According to the International Monetary Fund’s (IMF) most recent predictions, India’s economy is expected to develop rapidly, mostly due to public investment. The IMF has revised up its expectation for India’s current fiscal year expansion to 6.8% from prior estimates.
Upward Revision in Growth Forecast
The IMF has revised its growth forecast for India upwards, showing a more optimistic outlook. In January, IMF projected the economy would grow at 6.5%, but now growth estimate for the current fiscal year now stands at 6.8%.

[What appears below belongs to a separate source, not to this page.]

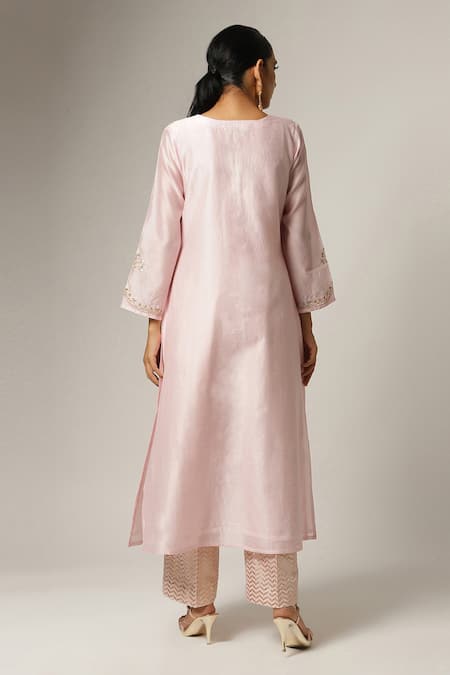 Anantaa By Roohi Silk Chanderi Floral Embroidered Kurta Pant Set 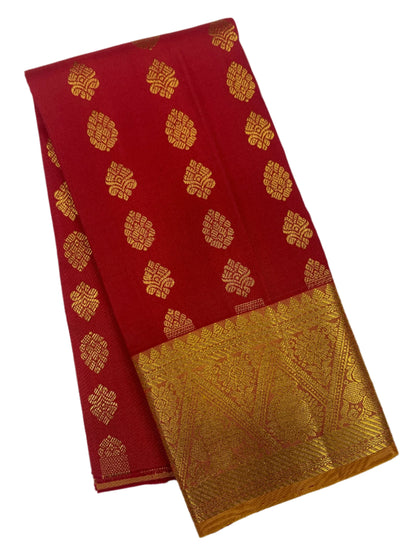 Red shade Pure kanchipuram Kids Pattu Pavadai with contrast border for newborn to 2 Years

FY24 Growth Projections Surpass Expectations
The IMF sees India growth at 7.8% in FY24. This is more than the government estimates of 7.6% The IMF attributes this positive growth trend to domestic demand, with India emerging as a source of repeated positive growth surprises.

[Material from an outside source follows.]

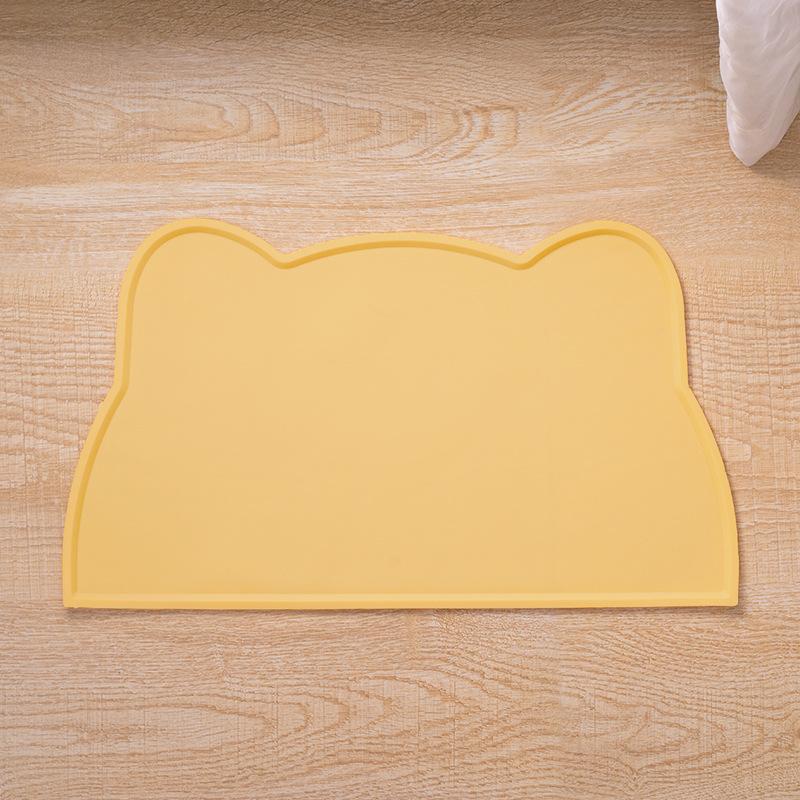 Tappetino in silicone per animali domestici Tappetino per cibo per animali domestici Tappetino per cibo per cani e gatti impermeabile Tappetino per cibo Vassoio per mangiatoia per cuccioli Cuscino per acqua Tovaglietta giallo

Inflation Outlook and Forecasts
Inflation is a big issue for new countries like India. But the IMF thinks that inflation will be at or near its target for many countries. In India, core inflation is expected to stay contained, but headline inflation may fluctuate. Lower energy prices are likely to lower headline inflation, but persistent food price pressures, especially for essentials like rice, may moderate this trend.
Maintained Inflation Forecasts for FY25 and FY26
The IMF keeps its inflation projections for India at 4.6% and 4.2% for the fiscal years 2025 and 2026, respectively. This forecast is consistent with the Reserve Bank of India’s expectation that inflation will gradually decline to 4.5% throughout the current fiscal year.

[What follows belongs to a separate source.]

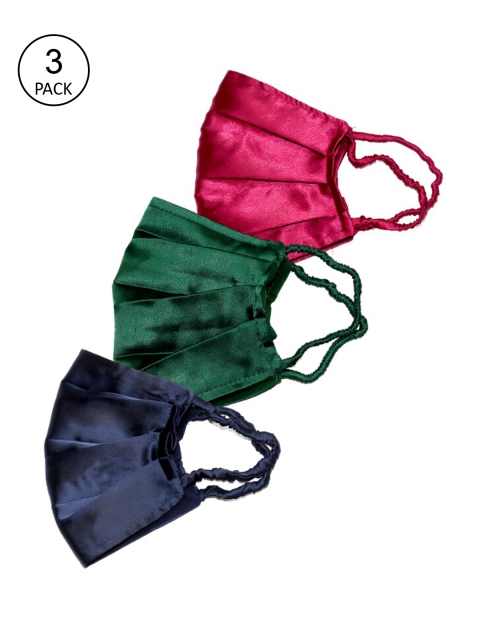 

Bellofox Women Pack of 3 Solid Satin 3-Ply Anti-Pollution Reusable Cloth Masks, Pink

Asia-Pacific Economic Outlook
Good news also comes from the IMF’s updated assessment for the Asia-Pacific area. The region’s economic trajectory is expected to improve, with a forecast growth rate of 4.5%, which is an increase from the previous projection of 4.2%. The IMF credits this improvement to a reduction in inflationary pressures and emphasises a near-term risk picture that is more balanced.